Last weekend I attended a wedding where I had the pleasure of seeing several former students after many years. One student in particular stood out. Rob, who I have not seen since he was in grade 9 science, was there with his wife and 2 children. To say Rob struggled in school would be an understatement. He spent most of his time in detention (very popular then) for his hi-jinx in Foods class and in the principal’s office for various infractions. To put it bluntly Rob was a juvenile delinquent; in trouble both in school and out.
Rob was also an energetic, outgoing and charismatic young man. He loved to make people laugh and always had a twinkle in his eye. Rob was a handful in class; he loved to talk, joke and demanded lot of attention.
At the end of the school year Rob presented me with a card and a wooden bowl that he had made in shop class. The card is long gone but the bowl still sits on my desk in a place of honour.
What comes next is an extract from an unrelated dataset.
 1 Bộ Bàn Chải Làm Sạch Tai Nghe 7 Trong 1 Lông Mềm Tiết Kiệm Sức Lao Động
When I saw Rob last weekend I was happy to tell him and his wife that I still had the bowl and i had thought of him many times over the years as I reached for a paper clip. As we talked at the wedding he described some challenging years after high school. Then he met his wife and his priorities had shifted.
Standing there on the lawn, seeing Rob both as a grown man and as the teenager I had known, was enough for me; to see Rob with love in his eyes for his beautiful wife and children. He was happy, healthy with a steady job, he had love and purpose for his life.
In that moment, all the angst and hassle of having Rob in my class was validated and the why was revealed.
Sometimes as educators it is challenging to find and connect to the urgency of our why. At times we may be tempted dismiss a child “as too much work”” or to rationalize that the child “will never be successful” and to focus on those who will be. I would be dishonest if I did not admit that I have have had those very thoughts myself and I think they are normal to have (just not to act on).
According to the evidence of school Rob was not “successful” and many predicted he was doomed to a life deemed “unsuccessful”.
And here is the thing, it is hard…very very hard…to believe in what you can’t see…
We can never see the depths of our impact on the lifetime’s of the children we work with. We can never see the potential for change and growth that resides inside each and every one of us.
And we don’t always get to see the Rob’s and all they have become.
But we can most certainly believe…
Faith is a place of mystery, where we find the courage to believe in what we cannot see and the strength to let go of our fear of uncertainty.